During a Sirois hearing, testimony is heard that could possibly lay the foundation for the introduction into evidence at a defendant’s trial of a witness’s prior statements, including grand jury testimony, rather than live testimony from the witness that is subject to cross-examination. Accordingly, a defendant’s absence at a Sirois hearing has a substantial effect on his ability to defend the charges against him and, thus, a Sirois hearing constitutes a material stage of the trial (see Kentucky v Stincer, 482 US at 745-746; Snyder v Massachusetts, 291 US at 105-106; People v Spotford, 85 NY2d at 596; People v Turaine, 78 NY2d at 872; People v Dokes, 79 NY2d at 659).
Here, the Supreme Court excluded the defendant during the portion of the Sirois hearing in which the witness at issue testified in detail about threats and intimidation made against him. Preliminarily, we reject the characterization of the proceeding during which such testimony was received as something other than a Sirois hearing. The contention that the witness’s *633testimony was taken solely on the issue of whether he should be held as a material witness is without merit.
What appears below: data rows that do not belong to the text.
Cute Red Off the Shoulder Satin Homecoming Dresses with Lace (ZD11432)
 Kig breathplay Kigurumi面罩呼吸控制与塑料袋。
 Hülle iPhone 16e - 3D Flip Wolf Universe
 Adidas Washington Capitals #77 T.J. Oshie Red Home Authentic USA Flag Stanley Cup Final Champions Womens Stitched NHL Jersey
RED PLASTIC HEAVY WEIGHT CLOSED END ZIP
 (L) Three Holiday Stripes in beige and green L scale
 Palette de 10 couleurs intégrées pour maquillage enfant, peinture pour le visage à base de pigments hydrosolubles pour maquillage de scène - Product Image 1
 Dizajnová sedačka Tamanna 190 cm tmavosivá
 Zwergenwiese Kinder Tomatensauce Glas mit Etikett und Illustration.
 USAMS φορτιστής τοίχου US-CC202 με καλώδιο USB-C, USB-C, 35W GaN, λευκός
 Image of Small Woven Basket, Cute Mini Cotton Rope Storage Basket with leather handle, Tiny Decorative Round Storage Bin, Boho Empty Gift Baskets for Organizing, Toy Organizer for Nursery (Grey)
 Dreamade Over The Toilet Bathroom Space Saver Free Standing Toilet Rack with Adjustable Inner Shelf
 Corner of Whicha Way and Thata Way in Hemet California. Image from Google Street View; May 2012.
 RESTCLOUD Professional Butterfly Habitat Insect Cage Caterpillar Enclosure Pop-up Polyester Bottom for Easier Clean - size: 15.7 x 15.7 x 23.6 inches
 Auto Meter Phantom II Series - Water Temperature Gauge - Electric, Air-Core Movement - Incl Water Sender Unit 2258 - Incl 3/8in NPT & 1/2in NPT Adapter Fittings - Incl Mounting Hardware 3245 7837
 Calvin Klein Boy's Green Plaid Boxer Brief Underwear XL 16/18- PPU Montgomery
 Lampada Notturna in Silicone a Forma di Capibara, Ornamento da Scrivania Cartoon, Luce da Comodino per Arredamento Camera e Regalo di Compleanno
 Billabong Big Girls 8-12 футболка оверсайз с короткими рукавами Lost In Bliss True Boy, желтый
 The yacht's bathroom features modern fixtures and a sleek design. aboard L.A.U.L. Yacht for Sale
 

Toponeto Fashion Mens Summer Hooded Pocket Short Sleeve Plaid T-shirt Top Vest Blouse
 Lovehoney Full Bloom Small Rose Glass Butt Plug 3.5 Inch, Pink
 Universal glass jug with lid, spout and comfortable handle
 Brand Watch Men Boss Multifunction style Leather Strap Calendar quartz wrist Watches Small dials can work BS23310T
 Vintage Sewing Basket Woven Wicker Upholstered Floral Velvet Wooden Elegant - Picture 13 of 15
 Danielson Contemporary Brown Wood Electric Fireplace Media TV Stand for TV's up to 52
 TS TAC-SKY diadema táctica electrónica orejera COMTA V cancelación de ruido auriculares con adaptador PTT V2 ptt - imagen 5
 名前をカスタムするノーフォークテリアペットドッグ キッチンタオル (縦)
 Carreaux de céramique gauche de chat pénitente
The purpose of the subject witness’s testimony about threats and intimidation made against him was clearly to determine whether the defendant procured the “witness’s absence or unavailability through his own misconduct” (Cotto v Herbert, 331 F3d at 225; see People v Geraci, 85 NY2d at 365-366).
Moreover, although the defendant was present during the testimony of the other two Sirois hearing witnesses, both of those witnesses provided only hearsay testimony about what the subject witness allegedly told them regarding the threats and intimidation. As such, the defendant’s presence in the courtroom during the other two witnesses’ testimony did not cure the error in excluding him from the courtroom during the subject witness’s testimony.
Where a “defendant was absent during a material part of his trial, harmless error analysis is not appropriate” (People v Mehmedi, 69 NY2d 759, 760 [1987]; see People v Crimmins, 36 NY2d 230, 238 [1975]; People v Dini, 292 AD2d 631 [2002]; People v Turaine, 78 NY2d 871 [1991]; People v Chichester, 197 AD2d 699, 700 [1993]; People v Boyd, 166 AD2d 659 [1990]).
Accordingly, the judgment must be reversed and the matter remitted to the Supreme Court, Kings County, for a new trial.
In light of our determination, the defendant’s remaining contentions are academic. Balkin, J.P., Dickerson, Belen and Cohen, JJ., concur.